[Material to process Boundary: Start]

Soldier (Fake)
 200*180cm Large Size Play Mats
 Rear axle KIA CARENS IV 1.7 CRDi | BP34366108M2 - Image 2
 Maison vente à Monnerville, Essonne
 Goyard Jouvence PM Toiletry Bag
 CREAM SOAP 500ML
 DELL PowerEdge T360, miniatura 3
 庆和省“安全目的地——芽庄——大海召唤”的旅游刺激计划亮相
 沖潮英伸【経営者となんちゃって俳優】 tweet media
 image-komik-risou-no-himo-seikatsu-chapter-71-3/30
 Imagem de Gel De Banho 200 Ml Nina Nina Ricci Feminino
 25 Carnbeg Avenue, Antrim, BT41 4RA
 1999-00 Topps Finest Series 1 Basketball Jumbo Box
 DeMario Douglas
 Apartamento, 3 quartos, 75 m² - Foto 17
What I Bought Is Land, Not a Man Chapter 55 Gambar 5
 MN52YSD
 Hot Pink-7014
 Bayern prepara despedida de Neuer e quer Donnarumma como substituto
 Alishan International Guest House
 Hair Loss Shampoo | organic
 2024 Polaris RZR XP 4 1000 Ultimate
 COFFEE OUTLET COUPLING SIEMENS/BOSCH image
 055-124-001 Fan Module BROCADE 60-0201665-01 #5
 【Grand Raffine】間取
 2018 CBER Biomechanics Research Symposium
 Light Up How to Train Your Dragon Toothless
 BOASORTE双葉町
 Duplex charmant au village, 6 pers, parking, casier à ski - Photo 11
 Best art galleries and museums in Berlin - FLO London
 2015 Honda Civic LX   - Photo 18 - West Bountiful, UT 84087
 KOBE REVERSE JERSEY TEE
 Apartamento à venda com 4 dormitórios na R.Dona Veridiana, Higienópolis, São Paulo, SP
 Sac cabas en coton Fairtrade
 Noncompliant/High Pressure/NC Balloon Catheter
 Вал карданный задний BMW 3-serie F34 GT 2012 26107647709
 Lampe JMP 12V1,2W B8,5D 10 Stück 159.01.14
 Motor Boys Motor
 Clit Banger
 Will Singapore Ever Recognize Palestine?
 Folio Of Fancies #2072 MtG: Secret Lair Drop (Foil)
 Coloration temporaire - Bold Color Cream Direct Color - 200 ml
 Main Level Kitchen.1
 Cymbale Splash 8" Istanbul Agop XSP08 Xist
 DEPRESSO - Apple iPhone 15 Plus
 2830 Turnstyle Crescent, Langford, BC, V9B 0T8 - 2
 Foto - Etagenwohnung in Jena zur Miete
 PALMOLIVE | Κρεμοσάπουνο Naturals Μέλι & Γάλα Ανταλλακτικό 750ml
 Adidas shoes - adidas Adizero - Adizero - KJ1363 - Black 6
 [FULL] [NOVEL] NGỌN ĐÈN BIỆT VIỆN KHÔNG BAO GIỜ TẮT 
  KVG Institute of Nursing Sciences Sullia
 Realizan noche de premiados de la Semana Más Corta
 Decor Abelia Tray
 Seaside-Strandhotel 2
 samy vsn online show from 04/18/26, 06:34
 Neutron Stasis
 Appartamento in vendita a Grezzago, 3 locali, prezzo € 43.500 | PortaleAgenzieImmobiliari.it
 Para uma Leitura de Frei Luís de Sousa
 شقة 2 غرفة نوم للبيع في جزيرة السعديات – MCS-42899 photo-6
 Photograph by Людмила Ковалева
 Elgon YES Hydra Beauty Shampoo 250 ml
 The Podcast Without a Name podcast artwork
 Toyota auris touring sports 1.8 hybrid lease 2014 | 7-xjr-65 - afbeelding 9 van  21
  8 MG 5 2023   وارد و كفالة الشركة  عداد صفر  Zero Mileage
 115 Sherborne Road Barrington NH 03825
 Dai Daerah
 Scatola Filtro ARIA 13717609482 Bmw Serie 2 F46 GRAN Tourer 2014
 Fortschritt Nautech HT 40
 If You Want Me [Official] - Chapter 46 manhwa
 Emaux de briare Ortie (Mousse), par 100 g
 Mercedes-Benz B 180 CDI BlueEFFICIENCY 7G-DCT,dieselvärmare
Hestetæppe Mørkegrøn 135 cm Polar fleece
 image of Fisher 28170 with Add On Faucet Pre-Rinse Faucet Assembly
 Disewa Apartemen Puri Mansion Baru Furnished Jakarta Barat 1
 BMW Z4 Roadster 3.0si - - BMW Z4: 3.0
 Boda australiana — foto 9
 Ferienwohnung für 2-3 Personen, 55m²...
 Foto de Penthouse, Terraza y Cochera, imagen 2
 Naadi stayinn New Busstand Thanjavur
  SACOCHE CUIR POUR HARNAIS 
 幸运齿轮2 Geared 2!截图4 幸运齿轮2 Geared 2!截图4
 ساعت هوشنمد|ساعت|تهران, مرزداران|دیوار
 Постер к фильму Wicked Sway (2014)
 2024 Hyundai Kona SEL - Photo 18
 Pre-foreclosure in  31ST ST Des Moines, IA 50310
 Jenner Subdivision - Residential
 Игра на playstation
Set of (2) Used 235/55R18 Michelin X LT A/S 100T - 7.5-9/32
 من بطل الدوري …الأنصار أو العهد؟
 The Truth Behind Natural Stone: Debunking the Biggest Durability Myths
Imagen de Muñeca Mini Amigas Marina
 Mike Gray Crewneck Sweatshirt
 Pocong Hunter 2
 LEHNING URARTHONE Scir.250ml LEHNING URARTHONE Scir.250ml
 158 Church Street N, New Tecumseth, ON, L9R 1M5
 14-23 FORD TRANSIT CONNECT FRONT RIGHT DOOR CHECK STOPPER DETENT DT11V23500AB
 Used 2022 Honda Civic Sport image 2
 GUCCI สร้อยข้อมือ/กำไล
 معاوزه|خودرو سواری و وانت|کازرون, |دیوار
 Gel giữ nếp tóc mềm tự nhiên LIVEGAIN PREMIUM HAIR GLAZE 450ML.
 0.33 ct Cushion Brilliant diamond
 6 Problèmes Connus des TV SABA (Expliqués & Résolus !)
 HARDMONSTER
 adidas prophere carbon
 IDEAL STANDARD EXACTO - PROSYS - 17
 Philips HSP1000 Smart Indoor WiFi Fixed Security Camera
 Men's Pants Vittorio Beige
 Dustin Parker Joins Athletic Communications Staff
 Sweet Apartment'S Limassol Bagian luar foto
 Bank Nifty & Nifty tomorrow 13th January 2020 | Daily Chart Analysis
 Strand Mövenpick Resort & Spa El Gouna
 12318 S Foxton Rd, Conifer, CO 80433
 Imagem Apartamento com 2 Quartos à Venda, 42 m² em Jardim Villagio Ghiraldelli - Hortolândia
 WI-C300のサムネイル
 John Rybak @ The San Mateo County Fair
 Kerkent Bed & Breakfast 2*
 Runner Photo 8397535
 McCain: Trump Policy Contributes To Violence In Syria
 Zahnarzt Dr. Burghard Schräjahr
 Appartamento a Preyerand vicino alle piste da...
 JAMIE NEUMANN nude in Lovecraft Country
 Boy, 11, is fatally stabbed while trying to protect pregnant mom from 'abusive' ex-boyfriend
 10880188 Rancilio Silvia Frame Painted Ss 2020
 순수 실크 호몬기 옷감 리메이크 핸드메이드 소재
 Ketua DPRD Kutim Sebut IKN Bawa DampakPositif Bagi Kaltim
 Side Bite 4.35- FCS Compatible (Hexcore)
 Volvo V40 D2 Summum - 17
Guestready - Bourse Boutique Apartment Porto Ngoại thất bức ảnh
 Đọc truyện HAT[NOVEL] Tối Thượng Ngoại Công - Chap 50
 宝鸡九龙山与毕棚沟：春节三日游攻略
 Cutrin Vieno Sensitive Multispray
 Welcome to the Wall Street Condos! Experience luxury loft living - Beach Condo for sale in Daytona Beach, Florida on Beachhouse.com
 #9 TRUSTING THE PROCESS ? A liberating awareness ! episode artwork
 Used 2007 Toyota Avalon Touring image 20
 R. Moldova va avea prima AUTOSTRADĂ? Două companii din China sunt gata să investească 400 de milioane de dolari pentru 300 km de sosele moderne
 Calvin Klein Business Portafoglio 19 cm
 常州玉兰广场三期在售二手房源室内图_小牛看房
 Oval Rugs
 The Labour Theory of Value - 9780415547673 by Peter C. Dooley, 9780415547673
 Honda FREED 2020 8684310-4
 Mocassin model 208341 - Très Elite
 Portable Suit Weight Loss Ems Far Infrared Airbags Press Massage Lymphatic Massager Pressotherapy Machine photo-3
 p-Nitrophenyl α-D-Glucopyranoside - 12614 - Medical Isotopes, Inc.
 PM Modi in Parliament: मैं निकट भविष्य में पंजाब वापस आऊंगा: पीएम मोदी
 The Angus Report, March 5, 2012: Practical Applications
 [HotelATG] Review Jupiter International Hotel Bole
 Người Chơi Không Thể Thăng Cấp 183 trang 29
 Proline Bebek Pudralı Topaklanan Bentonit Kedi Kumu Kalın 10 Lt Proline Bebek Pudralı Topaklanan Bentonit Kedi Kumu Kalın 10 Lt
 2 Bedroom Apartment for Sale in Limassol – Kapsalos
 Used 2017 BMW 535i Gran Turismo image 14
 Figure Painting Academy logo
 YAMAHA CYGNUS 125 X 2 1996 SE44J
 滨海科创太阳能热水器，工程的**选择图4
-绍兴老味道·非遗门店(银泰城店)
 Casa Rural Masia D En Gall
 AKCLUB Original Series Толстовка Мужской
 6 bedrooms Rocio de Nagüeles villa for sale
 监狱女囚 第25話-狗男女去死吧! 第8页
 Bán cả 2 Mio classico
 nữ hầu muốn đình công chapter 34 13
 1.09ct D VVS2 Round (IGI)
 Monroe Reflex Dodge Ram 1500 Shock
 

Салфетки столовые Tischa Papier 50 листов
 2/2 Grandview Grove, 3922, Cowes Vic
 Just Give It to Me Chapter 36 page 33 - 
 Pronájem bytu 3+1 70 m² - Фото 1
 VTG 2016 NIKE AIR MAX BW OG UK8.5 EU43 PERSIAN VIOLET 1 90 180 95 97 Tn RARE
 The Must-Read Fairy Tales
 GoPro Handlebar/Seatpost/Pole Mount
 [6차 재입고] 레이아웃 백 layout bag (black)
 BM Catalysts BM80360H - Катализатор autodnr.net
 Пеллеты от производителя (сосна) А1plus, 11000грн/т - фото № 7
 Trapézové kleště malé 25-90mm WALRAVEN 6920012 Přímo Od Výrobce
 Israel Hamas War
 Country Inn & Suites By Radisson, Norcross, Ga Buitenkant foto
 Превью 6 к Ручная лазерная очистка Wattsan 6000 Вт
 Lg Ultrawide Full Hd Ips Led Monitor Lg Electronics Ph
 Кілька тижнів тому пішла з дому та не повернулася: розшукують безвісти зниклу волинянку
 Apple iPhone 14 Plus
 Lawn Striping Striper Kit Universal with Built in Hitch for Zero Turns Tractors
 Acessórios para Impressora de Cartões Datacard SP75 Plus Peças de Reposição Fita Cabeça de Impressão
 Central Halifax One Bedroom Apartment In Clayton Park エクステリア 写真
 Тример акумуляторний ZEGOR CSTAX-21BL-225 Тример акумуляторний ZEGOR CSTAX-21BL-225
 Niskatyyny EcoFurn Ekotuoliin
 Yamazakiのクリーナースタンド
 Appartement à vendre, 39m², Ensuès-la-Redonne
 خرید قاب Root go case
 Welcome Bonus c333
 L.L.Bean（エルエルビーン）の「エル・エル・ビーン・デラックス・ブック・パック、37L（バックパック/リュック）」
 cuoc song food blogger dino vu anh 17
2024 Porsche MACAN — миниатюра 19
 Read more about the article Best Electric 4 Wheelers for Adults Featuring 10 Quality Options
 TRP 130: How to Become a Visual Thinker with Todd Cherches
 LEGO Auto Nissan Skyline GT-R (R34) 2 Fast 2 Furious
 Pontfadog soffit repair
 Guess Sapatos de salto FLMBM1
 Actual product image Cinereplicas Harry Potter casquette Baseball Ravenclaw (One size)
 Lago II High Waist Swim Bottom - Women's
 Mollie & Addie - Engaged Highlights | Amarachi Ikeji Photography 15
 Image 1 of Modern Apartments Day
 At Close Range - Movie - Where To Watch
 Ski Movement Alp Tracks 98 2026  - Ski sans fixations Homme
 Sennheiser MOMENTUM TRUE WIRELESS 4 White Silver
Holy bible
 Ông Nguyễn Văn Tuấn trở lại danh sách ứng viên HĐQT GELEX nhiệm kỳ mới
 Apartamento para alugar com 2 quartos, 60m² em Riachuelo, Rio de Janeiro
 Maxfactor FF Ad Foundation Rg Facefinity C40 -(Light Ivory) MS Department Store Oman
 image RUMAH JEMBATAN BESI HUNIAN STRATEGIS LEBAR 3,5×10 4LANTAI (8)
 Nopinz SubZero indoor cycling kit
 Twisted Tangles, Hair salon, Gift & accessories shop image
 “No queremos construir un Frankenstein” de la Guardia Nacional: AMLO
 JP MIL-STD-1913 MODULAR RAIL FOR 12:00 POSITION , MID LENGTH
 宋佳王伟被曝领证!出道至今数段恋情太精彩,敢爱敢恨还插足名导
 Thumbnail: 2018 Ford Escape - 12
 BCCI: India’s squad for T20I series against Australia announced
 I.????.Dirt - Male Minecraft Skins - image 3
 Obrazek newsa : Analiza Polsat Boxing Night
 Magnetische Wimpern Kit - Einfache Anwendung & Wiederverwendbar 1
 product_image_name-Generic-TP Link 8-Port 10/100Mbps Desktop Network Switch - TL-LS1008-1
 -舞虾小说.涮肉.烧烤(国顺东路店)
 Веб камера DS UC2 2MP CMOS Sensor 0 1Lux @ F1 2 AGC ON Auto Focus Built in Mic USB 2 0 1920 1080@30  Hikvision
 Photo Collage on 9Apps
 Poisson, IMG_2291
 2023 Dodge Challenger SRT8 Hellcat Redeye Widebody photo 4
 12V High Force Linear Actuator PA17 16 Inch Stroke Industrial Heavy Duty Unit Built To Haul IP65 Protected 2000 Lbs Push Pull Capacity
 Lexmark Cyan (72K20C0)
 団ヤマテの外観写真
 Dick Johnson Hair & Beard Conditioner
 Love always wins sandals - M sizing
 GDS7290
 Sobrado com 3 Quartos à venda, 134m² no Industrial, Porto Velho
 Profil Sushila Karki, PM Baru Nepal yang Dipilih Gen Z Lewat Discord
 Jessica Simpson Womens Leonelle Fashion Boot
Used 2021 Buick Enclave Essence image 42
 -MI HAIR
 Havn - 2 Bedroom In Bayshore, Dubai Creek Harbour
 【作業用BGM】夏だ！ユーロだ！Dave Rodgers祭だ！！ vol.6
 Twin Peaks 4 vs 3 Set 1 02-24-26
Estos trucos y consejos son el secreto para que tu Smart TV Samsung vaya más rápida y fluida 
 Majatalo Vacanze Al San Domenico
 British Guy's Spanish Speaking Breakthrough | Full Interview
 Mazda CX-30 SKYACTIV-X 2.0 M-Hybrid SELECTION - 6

[Material to process Boundary: End]

Task description: From the data above, copy every line where "Street" appears.

Result below:
 158 Church Street N, New Tecumseth, ON, L9R 1M5
 Welcome to the Wall Street Condos! Experience luxury loft living - Beach Condo for sale in Daytona Beach, Florida on Beachhouse.com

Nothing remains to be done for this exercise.